My cousin’s total devotion had been tranfigured into a frustrated rage. I only felt an emptiness. Bioware had carried us so high, but now we crashed to the earth.This was not entirely unexpected. I thought Baldur’s Gate 2 suffered from the same problem, back in the day. I remember having to force myself through the final few sections, losing my engagement with the characters and storyline.
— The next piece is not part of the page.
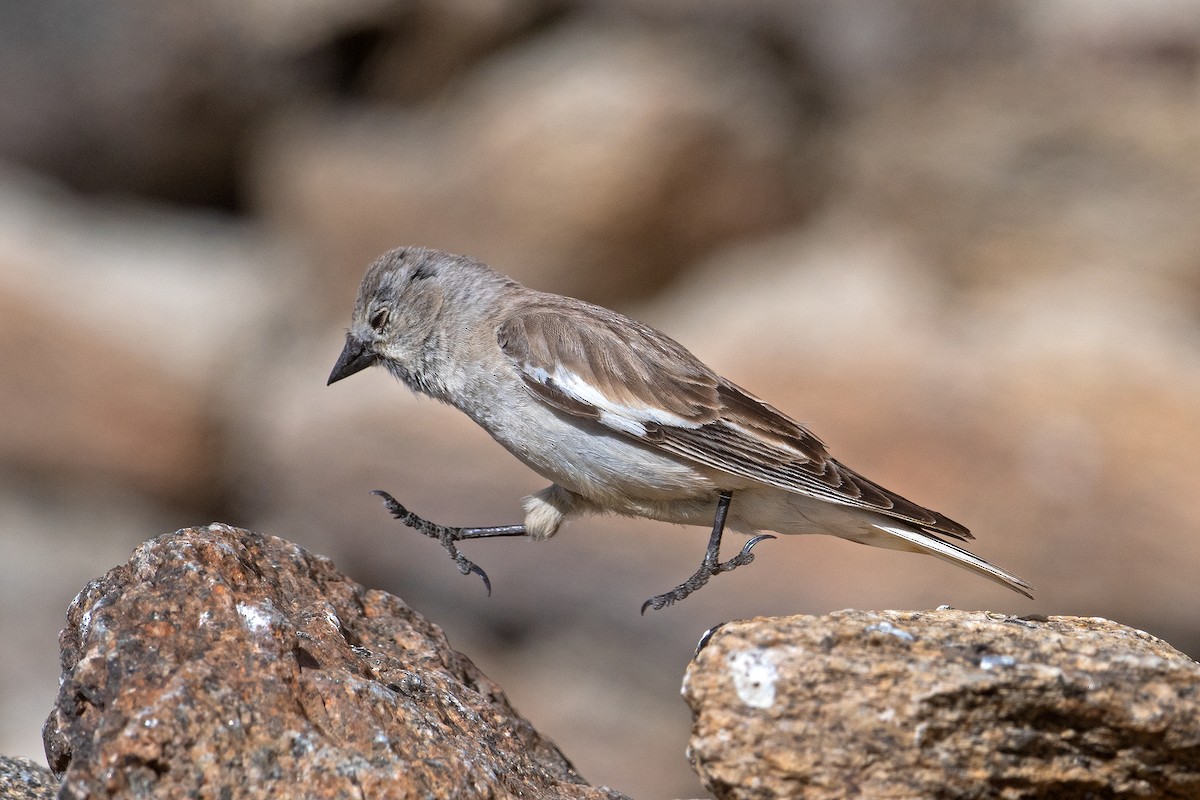 Black-winged Snowfinch - Aseem Kothiala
I’m one of those who preferred Planescape: Torment to the BG series, and I would have been much more interested to see a ‘spiritual successor’ to that particular brand of strangeness. Obviously, the generic fantasy of BG is an easier sell, and there’s nothing wrong with that if the writing is strong and there are a few original twists thrown in. The early stages of Origins managed this, but it just couldn’t be maintained. If I’d been in charge of design, I would have cut at least 50 per cent of the combat. This would have pushed the storytelling to the fore and reduced the fatigue caused by the overlong play-time. Better yet, I’d only have battles when they’re important to the story. Above all, this is the lesson that I wish RPG developers would learn: conflict is meaningless when it doesn’t add to character or story.